22.3.22

Quando numa folha de papel não se lê a palavra “guerra”

 Adultos da segunda idade, crianças e jovens, por aqui crescemos e fomos vivendo maioritariamente em paz, com a guerra lá longe. E com aquele costume de, inconscientemente, considerar o buraco, ou as ervas, na minha rua mais escandalosos do que a fome no Biafra. Problemas de primeiro mundo que dão cabo da nossa resiliência, pouca e mimada, treinada para a competição homem a homem (perdoem-me o anacronismo da padronização pela testosterona). Lutas por um lugar de relevância no seu nicho de relações, mais ou menos alargadas. Até se lhes encontra traços de empreendedorismo, retirando a especificidade das reais propriedades do conceito, juntando ambição desmedida, solta de limites éticos em muitos casos, ao que tem outro nome: competição.


A essa competição feroz entre indivíduos, chamamos, e percebemos agora que mal, guerra. Banalizámos, por ignorância da experiência, essa palavra. Como quando dizemos que estamos cheios de fome porque não petiscamos há oito horas. Pelo contrário, chamamos, e bem, guerra à luta contra inimigos difíceis de vencer, da droga ao cancro. Guerras que requerem esforços arrasadores e nos consomem o dia-a-dia. No fim, há apenas um vencedor, mas os, pelo menos, dois que se confrontam acabam arrombados, arrastando consigo muitos dos que os rodeiam.

Encontramo-nos no lugar desses que estão um bocado próximos de quem está em guerra. Até estamos próximos dos que nesta guerra são os invasores. E desse lado também assistimos, mesmo à distância, a uma luta particularmente cabotina, ou seja, e por palavras elas próprias menos cabotinas, uma luta de arrogantes e armados em centro das atenções. Refiro-me ao cancelamento da cultura russa. Afinal, tão semelhante às cenas em que as autoridades russas multam ou prendem manifestantes que empunham folhas de papel em branco. Foi a reacção das autoridades russas à leitura daquele papel em branco que lhe deu sentido: o gesto do resistente foi bem entendido no gesto do opressor. Deste “diálogo” saiu o que era para sair: o ridículo da opressão autocrática.

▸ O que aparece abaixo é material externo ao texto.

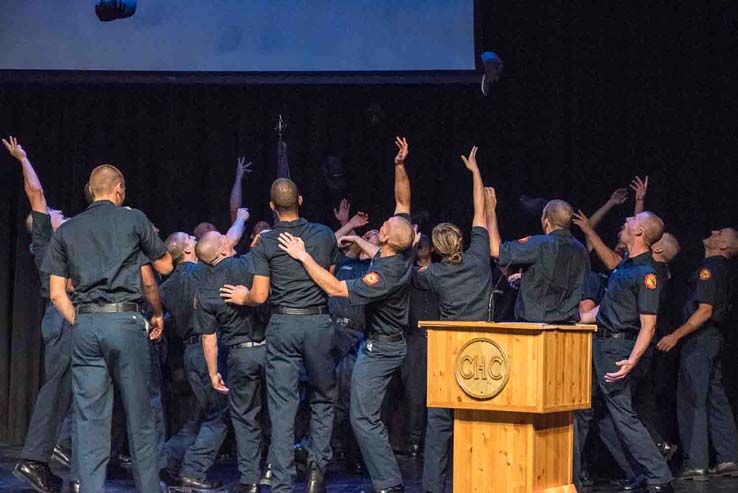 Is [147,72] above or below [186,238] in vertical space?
above

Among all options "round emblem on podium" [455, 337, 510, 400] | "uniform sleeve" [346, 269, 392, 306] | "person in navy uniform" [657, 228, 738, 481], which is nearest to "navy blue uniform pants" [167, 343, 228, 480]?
"uniform sleeve" [346, 269, 392, 306]

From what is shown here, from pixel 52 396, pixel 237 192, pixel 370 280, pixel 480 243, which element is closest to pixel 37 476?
pixel 52 396

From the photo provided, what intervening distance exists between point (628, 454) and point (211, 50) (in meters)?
4.65

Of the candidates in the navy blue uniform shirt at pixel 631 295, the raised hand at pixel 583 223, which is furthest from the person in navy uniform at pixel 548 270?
the raised hand at pixel 583 223

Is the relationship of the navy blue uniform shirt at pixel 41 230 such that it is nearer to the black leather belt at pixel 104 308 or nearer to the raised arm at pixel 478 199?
the black leather belt at pixel 104 308

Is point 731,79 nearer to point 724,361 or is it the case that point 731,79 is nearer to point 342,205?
point 724,361

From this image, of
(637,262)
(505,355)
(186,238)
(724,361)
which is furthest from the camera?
(724,361)

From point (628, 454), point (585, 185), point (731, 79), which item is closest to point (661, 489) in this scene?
point (628, 454)

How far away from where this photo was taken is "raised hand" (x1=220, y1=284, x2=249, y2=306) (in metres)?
6.93

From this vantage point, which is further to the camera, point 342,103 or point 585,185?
point 342,103

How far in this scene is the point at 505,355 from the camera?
18.1 feet

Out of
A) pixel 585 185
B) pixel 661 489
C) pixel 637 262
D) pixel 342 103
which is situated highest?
pixel 342 103

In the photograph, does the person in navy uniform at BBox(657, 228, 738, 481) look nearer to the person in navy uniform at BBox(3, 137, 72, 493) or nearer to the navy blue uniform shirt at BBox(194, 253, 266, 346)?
the navy blue uniform shirt at BBox(194, 253, 266, 346)

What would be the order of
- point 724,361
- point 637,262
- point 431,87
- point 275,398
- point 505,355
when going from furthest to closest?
point 431,87 → point 724,361 → point 637,262 → point 275,398 → point 505,355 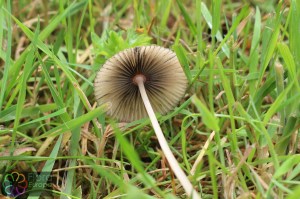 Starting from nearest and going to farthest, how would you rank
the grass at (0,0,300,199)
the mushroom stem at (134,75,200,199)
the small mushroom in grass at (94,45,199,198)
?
the mushroom stem at (134,75,200,199) → the grass at (0,0,300,199) → the small mushroom in grass at (94,45,199,198)

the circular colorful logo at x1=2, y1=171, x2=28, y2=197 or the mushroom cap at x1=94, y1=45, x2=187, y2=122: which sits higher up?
the mushroom cap at x1=94, y1=45, x2=187, y2=122

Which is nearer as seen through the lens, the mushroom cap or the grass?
the grass

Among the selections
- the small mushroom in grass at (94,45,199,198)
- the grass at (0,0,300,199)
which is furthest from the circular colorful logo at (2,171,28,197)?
the small mushroom in grass at (94,45,199,198)

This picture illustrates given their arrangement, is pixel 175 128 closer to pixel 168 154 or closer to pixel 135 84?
pixel 135 84

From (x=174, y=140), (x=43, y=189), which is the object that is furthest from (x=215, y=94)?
(x=43, y=189)

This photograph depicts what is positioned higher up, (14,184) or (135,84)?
(135,84)

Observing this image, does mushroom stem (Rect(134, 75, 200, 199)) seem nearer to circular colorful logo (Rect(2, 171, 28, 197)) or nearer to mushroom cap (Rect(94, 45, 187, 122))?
mushroom cap (Rect(94, 45, 187, 122))

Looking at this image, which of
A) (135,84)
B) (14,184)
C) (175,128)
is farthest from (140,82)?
(14,184)

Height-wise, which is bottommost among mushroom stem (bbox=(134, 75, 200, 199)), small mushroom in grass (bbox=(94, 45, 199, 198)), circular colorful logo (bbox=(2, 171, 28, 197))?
circular colorful logo (bbox=(2, 171, 28, 197)) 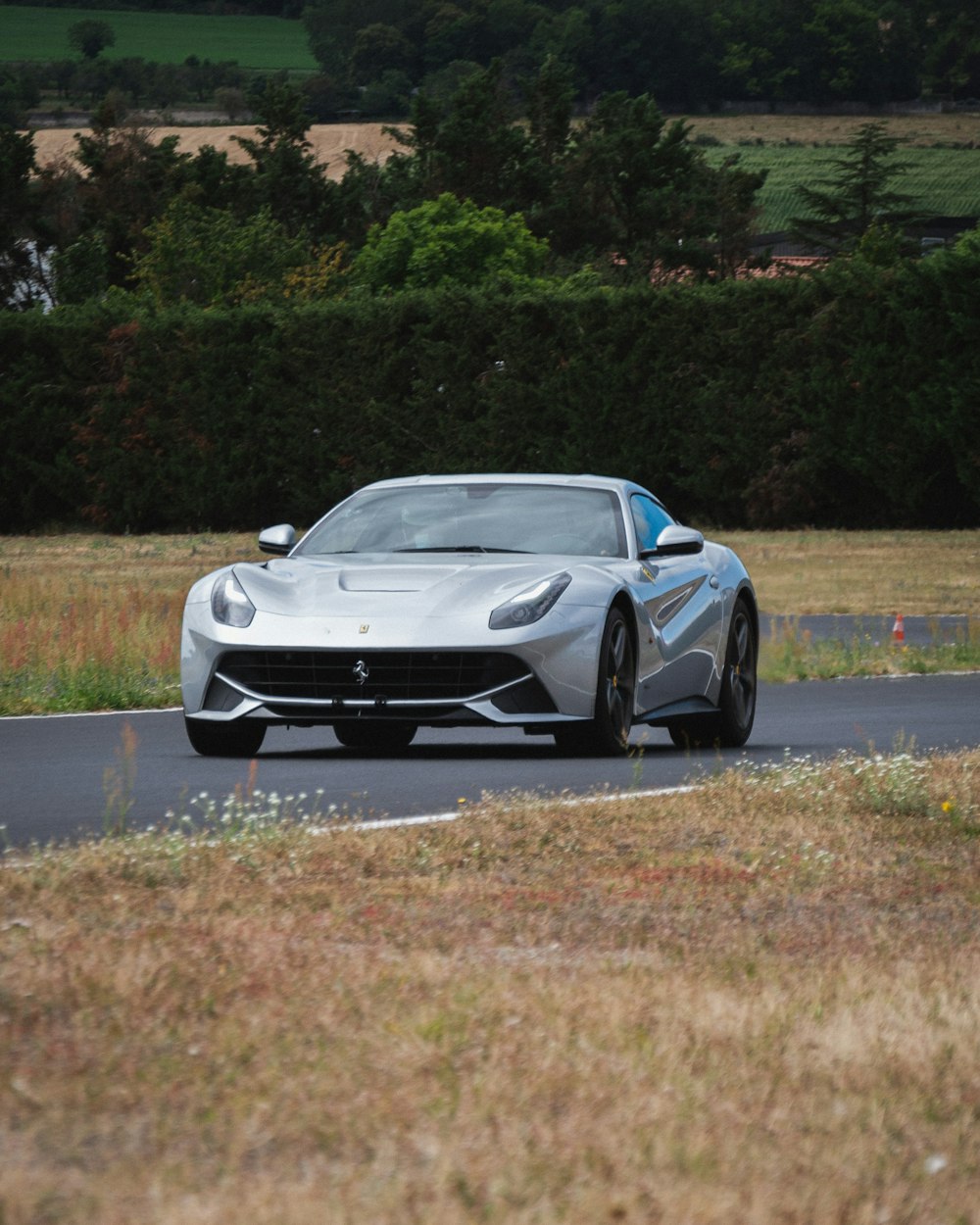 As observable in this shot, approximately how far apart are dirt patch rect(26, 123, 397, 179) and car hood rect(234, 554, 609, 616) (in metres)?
107

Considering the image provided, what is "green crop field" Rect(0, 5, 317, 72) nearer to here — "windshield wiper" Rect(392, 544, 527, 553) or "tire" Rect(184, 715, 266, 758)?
"windshield wiper" Rect(392, 544, 527, 553)

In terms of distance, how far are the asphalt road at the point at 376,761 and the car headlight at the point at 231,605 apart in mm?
699

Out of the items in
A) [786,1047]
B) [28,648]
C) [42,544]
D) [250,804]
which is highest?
[786,1047]

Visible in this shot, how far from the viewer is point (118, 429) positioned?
Answer: 44.0 meters

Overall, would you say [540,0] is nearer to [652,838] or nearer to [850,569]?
[850,569]

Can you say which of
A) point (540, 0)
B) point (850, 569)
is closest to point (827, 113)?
point (540, 0)

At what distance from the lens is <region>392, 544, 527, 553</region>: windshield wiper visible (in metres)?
12.8

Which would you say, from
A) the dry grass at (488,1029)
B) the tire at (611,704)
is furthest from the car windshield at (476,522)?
the dry grass at (488,1029)

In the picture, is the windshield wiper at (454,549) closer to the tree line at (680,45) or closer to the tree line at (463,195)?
the tree line at (463,195)

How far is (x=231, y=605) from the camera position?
12.0 m

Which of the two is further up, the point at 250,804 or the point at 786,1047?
the point at 786,1047

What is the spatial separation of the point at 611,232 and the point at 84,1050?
83.3 meters

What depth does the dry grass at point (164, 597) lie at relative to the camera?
55.8 feet

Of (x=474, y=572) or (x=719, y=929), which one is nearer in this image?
(x=719, y=929) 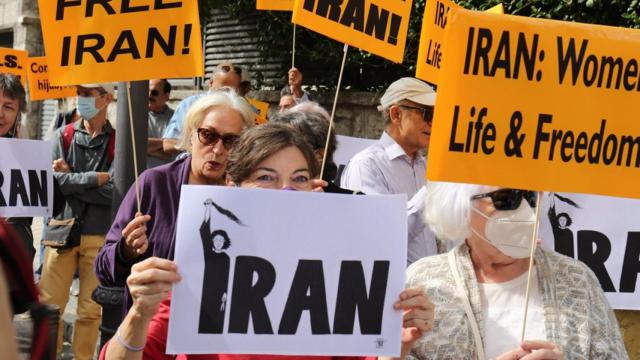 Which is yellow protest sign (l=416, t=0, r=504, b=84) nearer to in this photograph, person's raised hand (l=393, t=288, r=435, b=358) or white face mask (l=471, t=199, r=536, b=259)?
white face mask (l=471, t=199, r=536, b=259)

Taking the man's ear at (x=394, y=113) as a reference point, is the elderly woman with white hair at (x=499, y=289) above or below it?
below

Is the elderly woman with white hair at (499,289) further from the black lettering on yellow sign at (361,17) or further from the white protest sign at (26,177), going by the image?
the white protest sign at (26,177)

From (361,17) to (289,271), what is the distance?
2.90 meters

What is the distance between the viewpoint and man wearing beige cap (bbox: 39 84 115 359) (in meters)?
6.87

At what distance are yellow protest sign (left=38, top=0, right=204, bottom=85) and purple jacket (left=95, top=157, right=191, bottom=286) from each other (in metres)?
0.41

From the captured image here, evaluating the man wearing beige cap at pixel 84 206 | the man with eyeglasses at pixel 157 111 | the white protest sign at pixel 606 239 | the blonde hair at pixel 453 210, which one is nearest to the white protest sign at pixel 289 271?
the blonde hair at pixel 453 210

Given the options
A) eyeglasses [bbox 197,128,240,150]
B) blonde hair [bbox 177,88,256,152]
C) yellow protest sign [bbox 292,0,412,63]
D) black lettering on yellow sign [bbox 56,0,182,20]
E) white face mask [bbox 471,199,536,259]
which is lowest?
white face mask [bbox 471,199,536,259]

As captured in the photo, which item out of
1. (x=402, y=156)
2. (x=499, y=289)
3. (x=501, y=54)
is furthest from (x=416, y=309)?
(x=402, y=156)

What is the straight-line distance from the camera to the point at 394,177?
213 inches

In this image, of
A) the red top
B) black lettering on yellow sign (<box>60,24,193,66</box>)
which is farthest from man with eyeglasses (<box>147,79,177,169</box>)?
the red top

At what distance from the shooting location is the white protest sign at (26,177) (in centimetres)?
612

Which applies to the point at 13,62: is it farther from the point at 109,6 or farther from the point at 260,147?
the point at 260,147

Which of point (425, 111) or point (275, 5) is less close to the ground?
point (275, 5)

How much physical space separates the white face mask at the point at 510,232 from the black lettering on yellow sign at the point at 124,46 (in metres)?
1.64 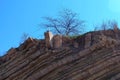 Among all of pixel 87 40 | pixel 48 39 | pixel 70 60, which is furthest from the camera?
pixel 48 39

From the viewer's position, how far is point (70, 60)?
10.9 m

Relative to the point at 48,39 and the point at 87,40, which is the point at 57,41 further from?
the point at 87,40

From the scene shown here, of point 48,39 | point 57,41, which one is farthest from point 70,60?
point 48,39

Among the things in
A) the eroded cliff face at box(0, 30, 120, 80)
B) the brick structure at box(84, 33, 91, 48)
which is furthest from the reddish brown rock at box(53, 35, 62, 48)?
the brick structure at box(84, 33, 91, 48)

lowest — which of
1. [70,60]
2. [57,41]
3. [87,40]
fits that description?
[70,60]

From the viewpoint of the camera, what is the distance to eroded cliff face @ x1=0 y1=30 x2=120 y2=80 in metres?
10.4

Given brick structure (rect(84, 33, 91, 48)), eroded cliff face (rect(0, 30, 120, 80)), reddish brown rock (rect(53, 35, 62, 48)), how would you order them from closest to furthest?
eroded cliff face (rect(0, 30, 120, 80)) → brick structure (rect(84, 33, 91, 48)) → reddish brown rock (rect(53, 35, 62, 48))

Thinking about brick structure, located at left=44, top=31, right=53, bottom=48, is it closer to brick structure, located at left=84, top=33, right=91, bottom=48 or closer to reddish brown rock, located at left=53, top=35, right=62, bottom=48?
reddish brown rock, located at left=53, top=35, right=62, bottom=48

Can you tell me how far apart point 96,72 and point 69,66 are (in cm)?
84

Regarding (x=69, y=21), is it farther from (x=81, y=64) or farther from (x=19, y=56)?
(x=81, y=64)

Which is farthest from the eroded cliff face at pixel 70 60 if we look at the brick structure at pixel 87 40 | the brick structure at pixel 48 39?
the brick structure at pixel 48 39

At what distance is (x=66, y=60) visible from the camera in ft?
35.9

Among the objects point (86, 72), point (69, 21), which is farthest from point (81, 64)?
point (69, 21)

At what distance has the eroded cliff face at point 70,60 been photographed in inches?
410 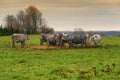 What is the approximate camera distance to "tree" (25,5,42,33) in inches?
3844

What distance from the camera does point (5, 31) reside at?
73.8 m

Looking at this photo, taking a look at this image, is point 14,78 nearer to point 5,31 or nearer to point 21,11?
point 5,31

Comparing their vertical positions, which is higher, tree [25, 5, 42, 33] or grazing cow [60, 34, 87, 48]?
tree [25, 5, 42, 33]

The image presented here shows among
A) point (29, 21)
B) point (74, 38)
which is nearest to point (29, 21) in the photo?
A: point (29, 21)

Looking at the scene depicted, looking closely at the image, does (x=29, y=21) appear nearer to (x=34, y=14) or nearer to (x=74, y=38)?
(x=34, y=14)

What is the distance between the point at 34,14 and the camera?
103 m

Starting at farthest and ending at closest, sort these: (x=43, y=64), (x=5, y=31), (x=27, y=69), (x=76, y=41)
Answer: (x=5, y=31), (x=76, y=41), (x=43, y=64), (x=27, y=69)

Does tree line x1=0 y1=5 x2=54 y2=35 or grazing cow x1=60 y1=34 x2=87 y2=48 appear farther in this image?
tree line x1=0 y1=5 x2=54 y2=35

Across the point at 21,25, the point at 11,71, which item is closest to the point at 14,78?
the point at 11,71

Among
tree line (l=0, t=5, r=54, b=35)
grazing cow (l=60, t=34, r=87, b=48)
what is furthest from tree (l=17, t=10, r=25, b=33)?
grazing cow (l=60, t=34, r=87, b=48)

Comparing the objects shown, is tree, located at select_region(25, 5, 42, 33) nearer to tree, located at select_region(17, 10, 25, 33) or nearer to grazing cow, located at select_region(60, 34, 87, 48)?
tree, located at select_region(17, 10, 25, 33)

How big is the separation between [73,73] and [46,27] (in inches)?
3367

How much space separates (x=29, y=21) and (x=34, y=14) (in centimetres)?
525

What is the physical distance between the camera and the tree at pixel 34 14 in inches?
3844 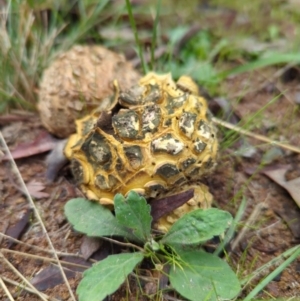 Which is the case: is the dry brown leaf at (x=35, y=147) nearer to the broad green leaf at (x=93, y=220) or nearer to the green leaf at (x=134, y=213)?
the broad green leaf at (x=93, y=220)

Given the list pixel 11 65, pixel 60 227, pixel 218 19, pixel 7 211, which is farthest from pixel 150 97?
pixel 218 19

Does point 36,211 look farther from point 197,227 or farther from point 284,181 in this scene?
point 284,181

Aprender a ler o silêncio é uma tarefa difícil, porque, como bem sabemos, há o silêncio eloquente, o silêncio gritante, o silêncio respeitoso, o silêncio comprometido, e provavelmente muitos outros silêncios. Que esses nunca se confundam com o silêncio do que não quer saber, também ele cheio de mensagem a descodificar. Se a palavra “guerra” tem que se ler bem antes de se usar, o silêncio tem de se ouvir, com a inteligência que nos coube e a que damos uso constantemente.